When you say, “people are starving” it is very different than saying “Men are starving people.”

Take her word for it

Just listen and believe, no need to question.

Check your privilege. If you flinched when you read this, I get it. I hate this phrase too, and I realize that it’s become like “thoughts and prayers” on white male ears. All I’m asking is that you think about the privilege you received physically when you were born a man. Living life as a woman is living life as prey. We don’t know that the man who catcalls us isn’t going to follow us home.
Recognize that you aren’t living your life looking over your shoulder and that means you have an entirely different worldview.

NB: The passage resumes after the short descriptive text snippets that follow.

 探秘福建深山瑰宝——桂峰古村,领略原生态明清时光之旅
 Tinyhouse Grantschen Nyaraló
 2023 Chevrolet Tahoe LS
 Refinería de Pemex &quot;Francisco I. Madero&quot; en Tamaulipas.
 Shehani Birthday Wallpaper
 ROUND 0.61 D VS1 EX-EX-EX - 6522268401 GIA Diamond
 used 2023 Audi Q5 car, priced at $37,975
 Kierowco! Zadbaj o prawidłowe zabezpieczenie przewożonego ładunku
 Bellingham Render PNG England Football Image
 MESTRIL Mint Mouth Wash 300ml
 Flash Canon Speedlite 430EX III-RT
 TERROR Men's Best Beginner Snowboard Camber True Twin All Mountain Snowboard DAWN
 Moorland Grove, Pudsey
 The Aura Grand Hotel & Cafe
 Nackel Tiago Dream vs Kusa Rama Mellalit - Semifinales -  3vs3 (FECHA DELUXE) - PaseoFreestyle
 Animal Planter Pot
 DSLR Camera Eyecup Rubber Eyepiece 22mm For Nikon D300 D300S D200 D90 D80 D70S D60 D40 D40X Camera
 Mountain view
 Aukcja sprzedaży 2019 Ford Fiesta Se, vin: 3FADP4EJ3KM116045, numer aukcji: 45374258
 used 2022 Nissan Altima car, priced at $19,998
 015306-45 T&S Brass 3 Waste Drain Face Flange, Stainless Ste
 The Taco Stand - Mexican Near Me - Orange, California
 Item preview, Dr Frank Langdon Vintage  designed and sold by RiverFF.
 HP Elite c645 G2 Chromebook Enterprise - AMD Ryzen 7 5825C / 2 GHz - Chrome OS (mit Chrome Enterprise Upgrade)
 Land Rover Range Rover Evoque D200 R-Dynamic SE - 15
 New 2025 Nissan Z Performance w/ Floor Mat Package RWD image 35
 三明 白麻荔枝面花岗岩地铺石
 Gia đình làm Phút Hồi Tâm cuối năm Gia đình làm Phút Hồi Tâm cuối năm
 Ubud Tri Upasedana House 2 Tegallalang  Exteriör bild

You mean the privilege of having other men push, shove, kick, stab and punch me? That privilege? You mean the privilege of having a drunk female friend get up in a guys face at a bar and being expected to jump to her defense when she slapped him? Or do you mean the privilege of more often being the victim of every other violent crime except sexual crimes? If you don’t think men aren’t watching over their shoulder just as much, you are kidding yourself. We were born and raised in violence of one form or another. I know that walking down a dark alley at 3 am is dumb. I also know that if two guys start following me down that alley, I better be ready to fight to the death…and I will. Men are taught that our lives are disposable and that no one will come to our rescue, so we had better learn to defend ourselves because no one is coming to save us. I also had the privilege to take up martial arts and combat sports because I expect to have (and have done so) to fight off another man bigger and stronger than me.

In fact, just shut up.

This is the best advice for men. Men when she starts talking about the hundreds of times she was harassed but didn’t report them, and the scores of assaults that were also not reported and the dozens of rapes she has had or so narrowly avoided that no police know about. Just shut up….and walk away. You will be the next guy assigned to one of those categories.

Resist the urge to white knight.

Never go to battle for someone who won't fight for themselves.